In each subregion of the categorical plane (Si, Pj), i = 1, ⋯,4; j = 1, ⋯,4, a total of 12 linguistics (Q,S,P) are derived (3 quantifiers and 4 indices given by ESG, E, S, and G). Figure 1 depicts the 12 summaries arranged in the form of rectangles, which are additionally labeled based on the dimensions specified in items, ii-a), b) and e). Figure 2 displays the complete categorical plane.

3.1 Diagnosis of a region’s sustainability via uncertain mining

Upon processing the categorical plane depicted in Figure 2 for the region comprising the set of companies, the linguistic summaries (Q,S,P) with truth value T > 0.5 can be readily distinguished based on their respective colors. This enables the extraction of the most significant relationships of ESG and its components with the financial indicator. This knowledge extraction will in turn enable decision-makers to diagnose the sustainability of a particular region.

To diagnose whether firms are contributing to the sustainability of their respective regions, the signals forbidden, warning, and satisfactory, are superimposed on the categorical plane, as shown in Figure 3. Each sign is represented by two distinguishable outlines, with the thicker outline indicating that the message conveyed by the signal associated with that particular area of the categorical plane becomes more forceful.

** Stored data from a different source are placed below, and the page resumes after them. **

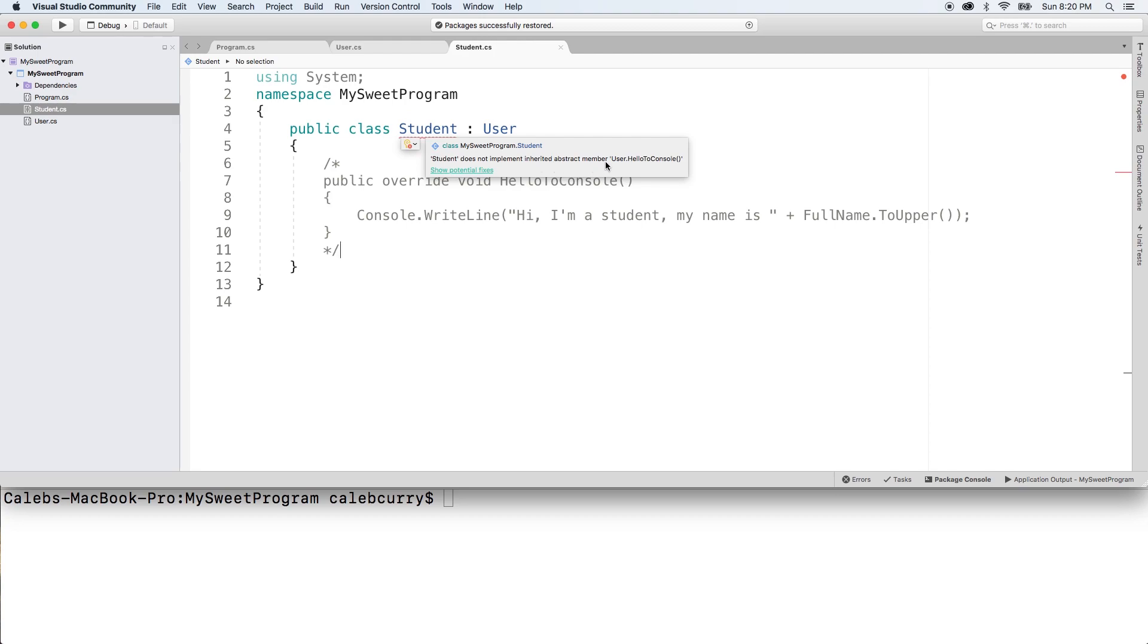So in English, abstract works similar to virtual in that we can override the method, but it has an additional rule that you actually have to override it—you have to put your own implementation in the derived class.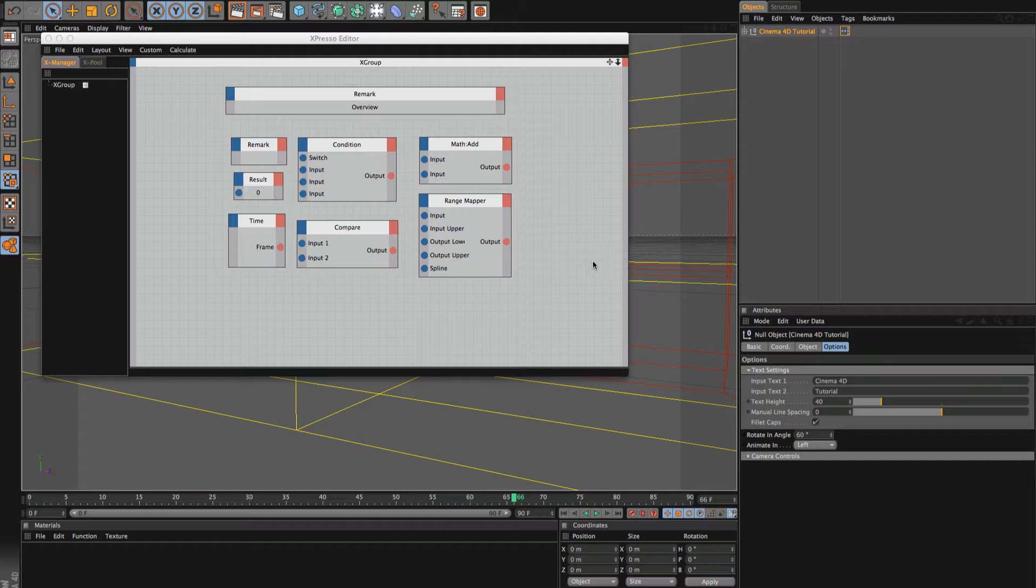So basically this is going to be using Expresso and it's also going to be using user controls.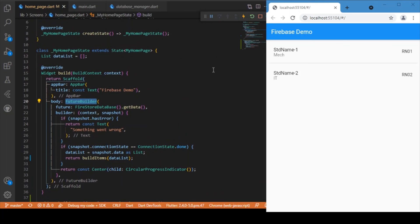That's it — it's a very simple example of getting data from Firebase and connecting it with our Flutter Web application. Hope you enjoyed this video. If you did, consider subscribing and I'll see you in the next one. Bye!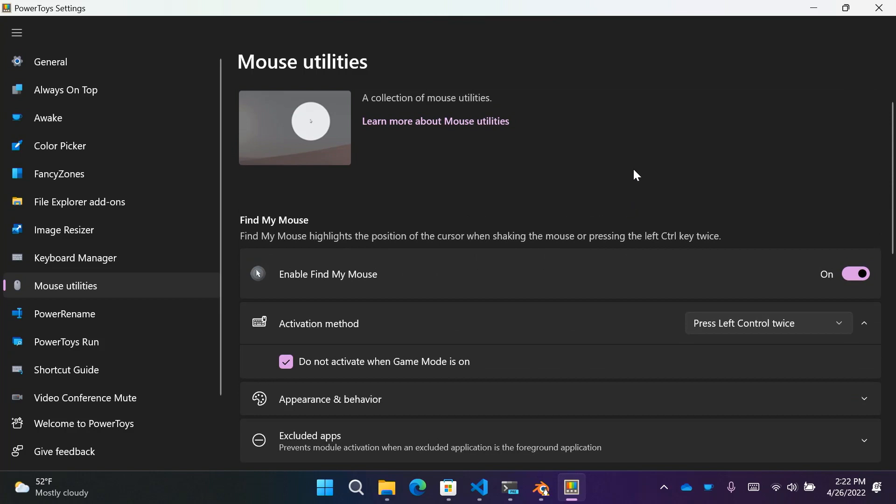PowerToys is open source and constantly getting more tools. One announcement we have today is that PowerToys now supports ARM64 devices. If you want to contribute, you can find the GitHub repo at Microsoft/PowerToys. If you want to learn more, check out the doc site at aka.ms/PowerToys-docs.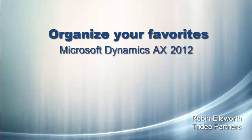Hello, this is Robin Ellsworth with Tridea Partners. Welcome to this video tutorial on how to organize your favorites in Microsoft Dynamics AX 2012.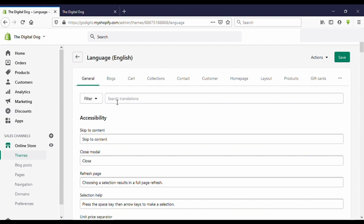Here now you can see the search bar. Type here 'powered'.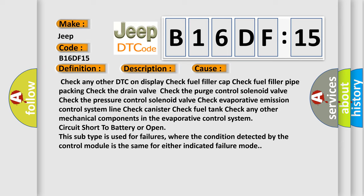Check any other DTC on display. Check fuel filler cap. Check fuel filler pipe packing. Check the drain valve. Check the purge control solenoid valve. Check the pressure control solenoid valve. Check evaporative emission control system line. Check canister. Check fuel tank. Check any other mechanical components in the evaporative control system. Circuit short to battery or open. This subtype is used for failures where the condition detected by the control module is the same for either indicated failure mode.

The forbidden signal is associated with areas where the linguistic summaries indicate that companies do not make any contributions towards the sustainability of the region. This phenomenon may be explained by the companies' low ESG index, even when they exhibit strong financial performance. The alarm signal is associated with areas in which companies contribute to sustainability, yet current circumstances may impede or undermine this objective. This scenario may occur within a set of companies with significant sustainability commitments reflected by the ESG index, but whose financial performance is not satisfactory, or within a group of companies that exhibit both significant sustainability commitments reflected by the ESG and satisfactory financial performance, but whose number is insufficient to generate a positive impact on their region. The satisfactory signal is associated with areas of the categorical plane where ESG and financial performance coexist under desirable conditions.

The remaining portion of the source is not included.